▶ TASK STATEMENT
Transcribe exactly the stretch of lines beginning at the one containing "Fixed Price $382.39." and closing with the last line of the entries below. Omit images.

▶ Short text fragments from websites
◇ ◇ ◇

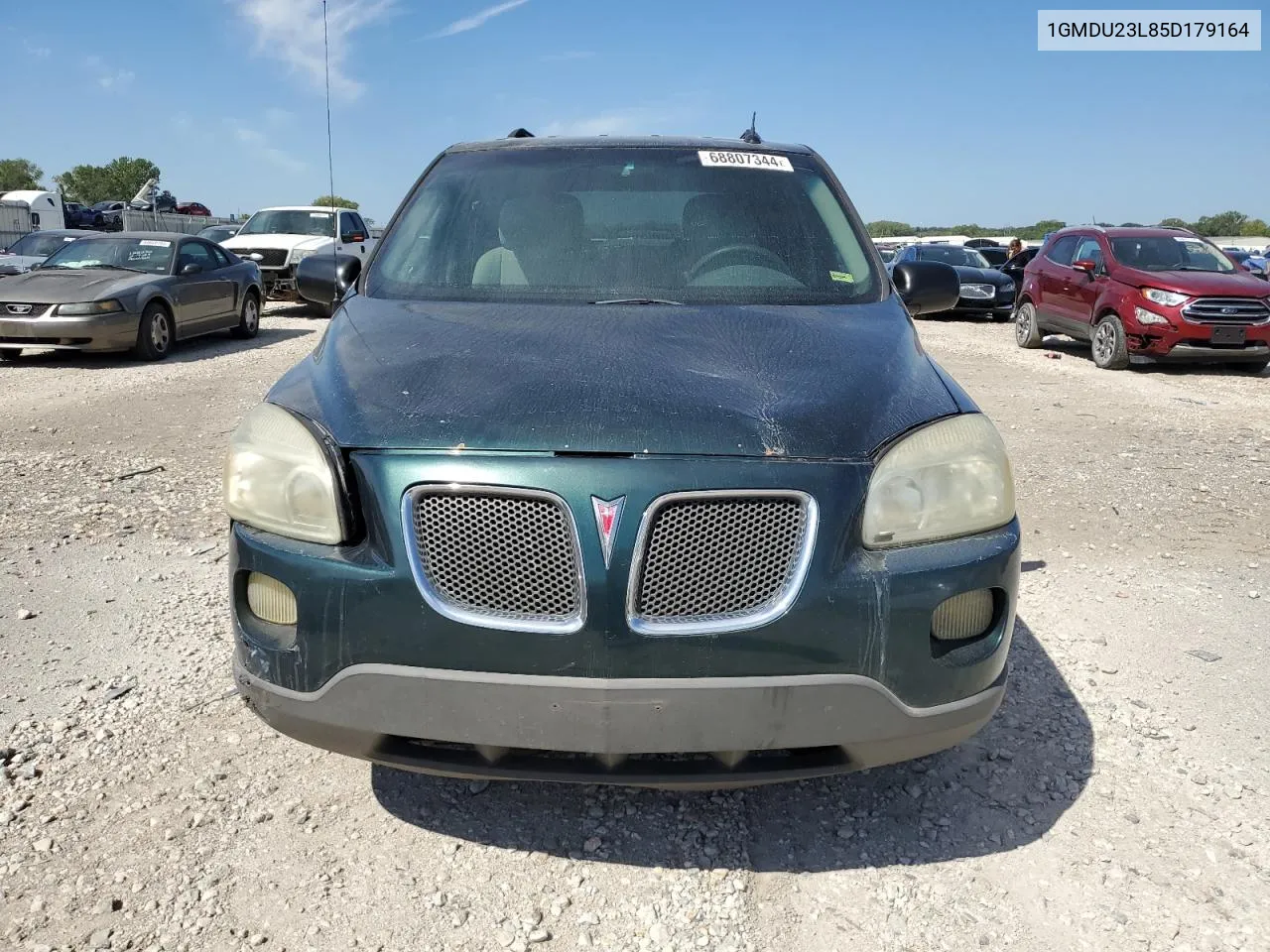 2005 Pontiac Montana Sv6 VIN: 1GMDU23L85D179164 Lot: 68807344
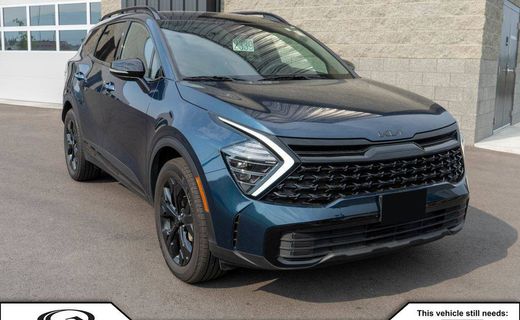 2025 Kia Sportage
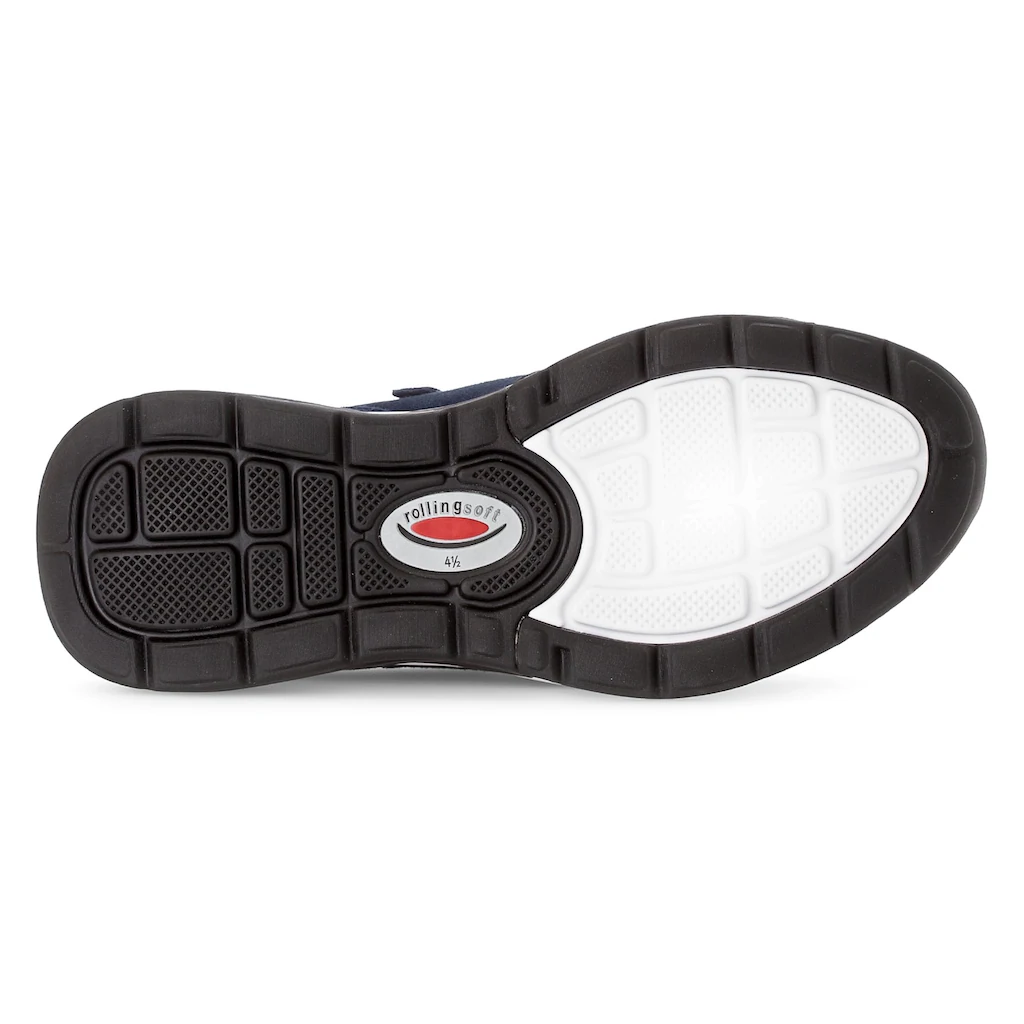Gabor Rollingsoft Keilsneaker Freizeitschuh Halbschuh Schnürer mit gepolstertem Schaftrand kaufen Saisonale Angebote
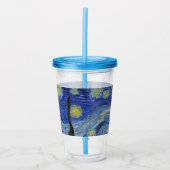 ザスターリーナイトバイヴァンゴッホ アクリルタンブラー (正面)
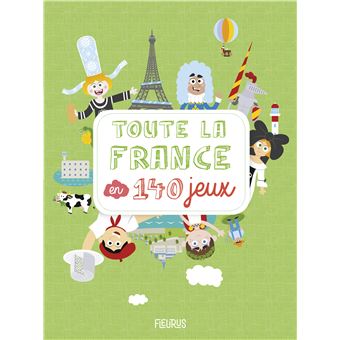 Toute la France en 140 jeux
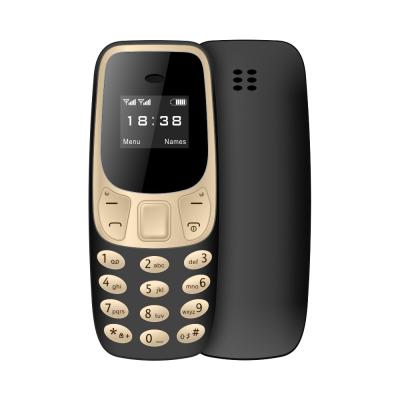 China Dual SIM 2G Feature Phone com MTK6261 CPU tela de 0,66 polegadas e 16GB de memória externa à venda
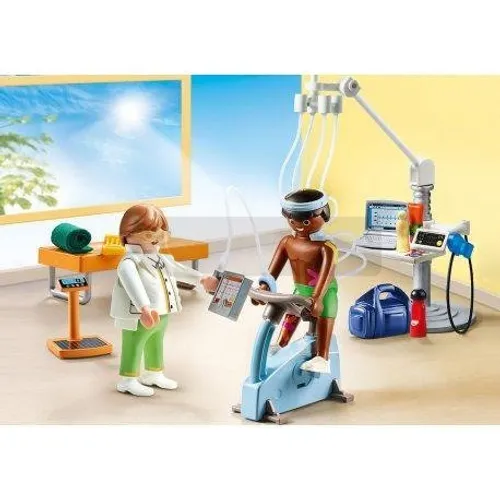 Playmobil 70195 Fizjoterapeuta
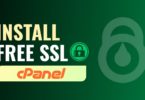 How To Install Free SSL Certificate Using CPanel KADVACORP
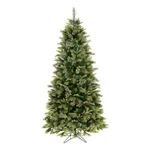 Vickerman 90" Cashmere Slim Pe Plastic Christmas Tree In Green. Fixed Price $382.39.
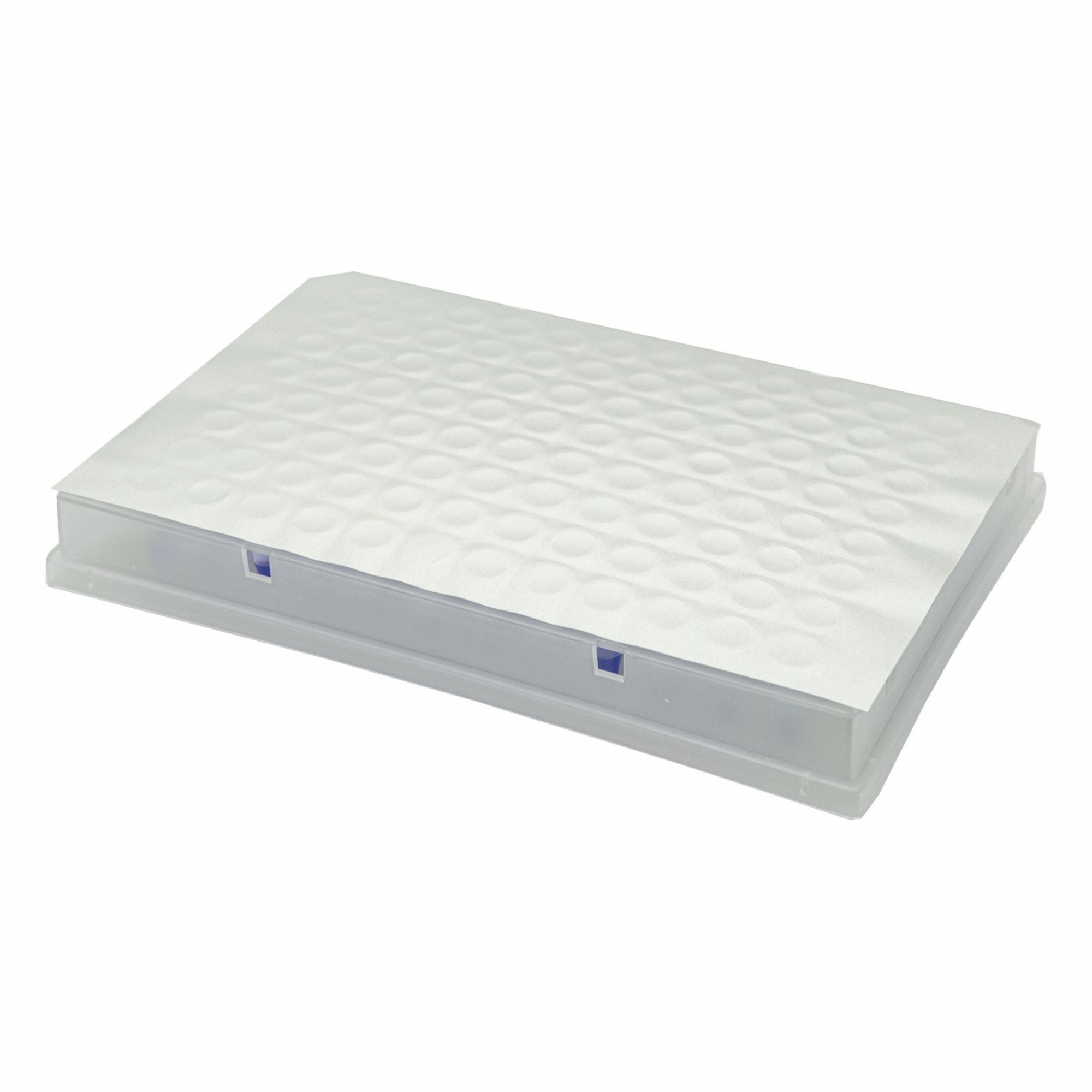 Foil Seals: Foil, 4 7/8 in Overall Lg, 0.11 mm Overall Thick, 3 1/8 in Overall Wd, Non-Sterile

◇ ◇ ◇

▶ FINISHED EXERCISE
 Vickerman 90" Cashmere Slim Pe Plastic Christmas Tree In Green. Fixed Price $382.39.
 Foil Seals: Foil, 4 7/8 in Overall Lg, 0.11 mm Overall Thick, 3 1/8 in Overall Wd, Non-Sterile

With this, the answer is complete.